Venise en majesté

par
venezia

SAN MARCI DI VENEZIA
Oeuvres Giovanni BASSANO, Giovanni et Andrea GABRIELI et Claudio MERULO
Les Traversées Baroques, dir.: Etienne MEYER
2017-DDD-71'41-Textes de présentation en anglais, français et allemand-Accent ACC 24345

La Capella Musicale di San Marco bénéficiait, au tournant du 16ème siècle, de l'opulence économique de Venise, alors grande puissance à l'apogée de son âge d'or: son choeur, avec ses 36 chantres, était l'un des plus fournis et les plus fameux d'Italie, un ensemble auquel se joignaient à l'occasion des enfants. L'arrivée d'Adrien Willaert, en 1527, annonça un tournant décisif dans l'art musical de la Sérénissime en adoptant un langage résolument moderne et novateur.
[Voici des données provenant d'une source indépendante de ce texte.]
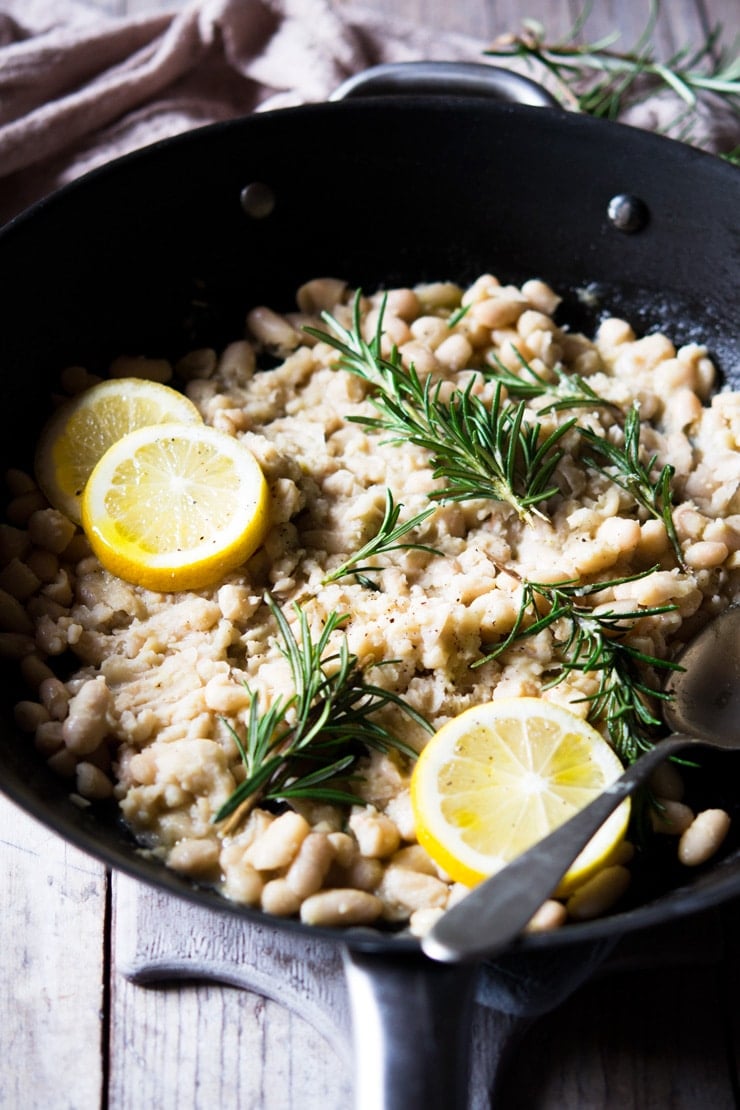 Cannellini bean mash in a large pan with lemon and rosemary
Véritable laboratoire de l'avant-garde, la cité permit à des esprits brillants, tels que Andrea et son neveu Giovanni Gabrieli, Claudio Merulo ou Giovanni Bassano, d'épanouir leur génie. C'est à cet univers en ébullition qu'Etienne Meyer et son ensemble Les Traversées baroques se proposent de nous convier dans un disque très bien imaginé, où tous ces noms se voient réunis. Difficile de tout décrire: chaque pièce mériterait qu'on s'y attarde longuement. Citons donc le Miserere de Giovanni Gabrieli, d'une densité et d'une audace harmonique qui illustrent à souhait le statut de l'institution dont il était l'un des illustres représentants. Ou encore son Vox Domini, d'une complexité contrapuntique saisissante. Ces pièces liturgiques sont agrémentées de quelques-unes de ces célèbres Canzon pour cuivres typiques de l'Art de Venise ou de pièces d'orgue remarquables telle une toccata d'Andrea. Même Palestrina, l'alpha de l'explosion artistique qui marque le remarquable 16ème siècle, est indirectement convié à la fête par l'inclusion au programme de deux pièces de sa composition, un Ave Maria et un Veni dilecte mi, revisitées par Giovanni Bassano. A l'écoute de ces pages, on ne peut que réaliser à quel point cette musique participait avec harmonie à l'élan artistique, au sens le plus large, de cette ville hors normes: comment, en effet, ne pas penser aux élaborations somptueuses des Titien, Véronèse, Tintoret, et de tant d'autres, contemporaines, dont plusieurs chefs-d'oeuvre ornent quelques-unes des plus belles églises de la ville. L'interprétation évite la surenchère d'effets et s'avère très efficace. Malgré la pléthore de programmes consacrés à cette période de l'aventure musicale, ce disque devrait « sortir du lot » par son climat, très véridique, qu'instille Meyer et ses complices. On regrettera seulement que le livret se limite à des considérations générales, d'ailleurs fort pertinentes, sur ce « grand siècle » italien et ne détaille pas davantage par le menu chacun de ces joyaux.